▸ Task brief
Where the listing below reaches the line containing "В аренду: $2,495", start writing out lines exactly, and stop once the line containing "Cylindre piston ø42mm pour" has been written.

————————

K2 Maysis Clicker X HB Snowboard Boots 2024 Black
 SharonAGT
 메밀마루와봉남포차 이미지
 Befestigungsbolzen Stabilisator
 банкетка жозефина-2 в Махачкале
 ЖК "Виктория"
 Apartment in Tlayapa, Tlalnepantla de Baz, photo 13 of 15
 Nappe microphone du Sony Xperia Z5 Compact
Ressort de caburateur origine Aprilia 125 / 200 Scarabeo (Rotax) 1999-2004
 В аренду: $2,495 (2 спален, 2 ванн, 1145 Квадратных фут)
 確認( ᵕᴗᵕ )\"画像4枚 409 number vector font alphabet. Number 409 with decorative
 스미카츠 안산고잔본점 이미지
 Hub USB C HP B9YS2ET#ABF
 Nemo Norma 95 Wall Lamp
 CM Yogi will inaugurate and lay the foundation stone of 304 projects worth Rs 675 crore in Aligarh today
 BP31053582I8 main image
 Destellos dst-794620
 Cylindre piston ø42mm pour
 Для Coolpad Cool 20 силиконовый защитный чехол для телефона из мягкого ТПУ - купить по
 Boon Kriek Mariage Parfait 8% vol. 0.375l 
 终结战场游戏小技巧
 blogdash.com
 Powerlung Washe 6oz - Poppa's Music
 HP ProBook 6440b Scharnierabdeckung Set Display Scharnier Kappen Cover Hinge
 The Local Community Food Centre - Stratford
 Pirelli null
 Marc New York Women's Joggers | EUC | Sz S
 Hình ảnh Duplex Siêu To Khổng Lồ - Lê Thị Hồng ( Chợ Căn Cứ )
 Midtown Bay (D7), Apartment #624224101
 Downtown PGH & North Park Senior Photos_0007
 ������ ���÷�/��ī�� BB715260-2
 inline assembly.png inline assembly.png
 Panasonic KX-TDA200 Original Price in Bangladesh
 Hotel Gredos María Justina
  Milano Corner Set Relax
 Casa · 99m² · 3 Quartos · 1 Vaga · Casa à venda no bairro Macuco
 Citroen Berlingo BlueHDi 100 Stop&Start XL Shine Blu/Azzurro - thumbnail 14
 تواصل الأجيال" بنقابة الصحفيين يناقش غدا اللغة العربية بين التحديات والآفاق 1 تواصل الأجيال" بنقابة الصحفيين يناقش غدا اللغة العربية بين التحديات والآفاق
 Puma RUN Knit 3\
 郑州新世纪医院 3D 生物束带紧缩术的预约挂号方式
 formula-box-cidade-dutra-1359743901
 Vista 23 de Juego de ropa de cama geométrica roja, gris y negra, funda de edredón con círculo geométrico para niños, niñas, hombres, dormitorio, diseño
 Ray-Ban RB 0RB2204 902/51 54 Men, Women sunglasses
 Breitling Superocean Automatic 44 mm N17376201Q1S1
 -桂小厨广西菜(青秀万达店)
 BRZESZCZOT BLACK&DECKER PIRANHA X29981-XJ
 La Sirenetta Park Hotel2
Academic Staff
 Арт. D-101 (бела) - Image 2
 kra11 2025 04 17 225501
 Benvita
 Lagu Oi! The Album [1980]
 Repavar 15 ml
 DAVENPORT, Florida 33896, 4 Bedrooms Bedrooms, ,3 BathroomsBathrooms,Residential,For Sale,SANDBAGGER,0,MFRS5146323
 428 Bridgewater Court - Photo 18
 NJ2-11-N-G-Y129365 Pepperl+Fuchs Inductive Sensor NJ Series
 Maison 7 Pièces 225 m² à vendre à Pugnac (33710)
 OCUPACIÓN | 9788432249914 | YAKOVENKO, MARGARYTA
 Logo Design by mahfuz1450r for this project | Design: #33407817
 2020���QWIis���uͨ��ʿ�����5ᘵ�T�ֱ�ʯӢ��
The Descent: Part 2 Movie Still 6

————————

▸ Solution for this exercise
 В аренду: $2,495 (2 спален, 2 ванн, 1145 Квадратных фут)
 確認( ᵕᴗᵕ )\"画像4枚 409 number vector font alphabet. Number 409 with decorative
 스미카츠 안산고잔본점 이미지
 Hub USB C HP B9YS2ET#ABF
 Nemo Norma 95 Wall Lamp
 CM Yogi will inaugurate and lay the foundation stone of 304 projects worth Rs 675 crore in Aligarh today
 BP31053582I8 main image
 Destellos dst-794620
 Cylindre piston ø42mm pour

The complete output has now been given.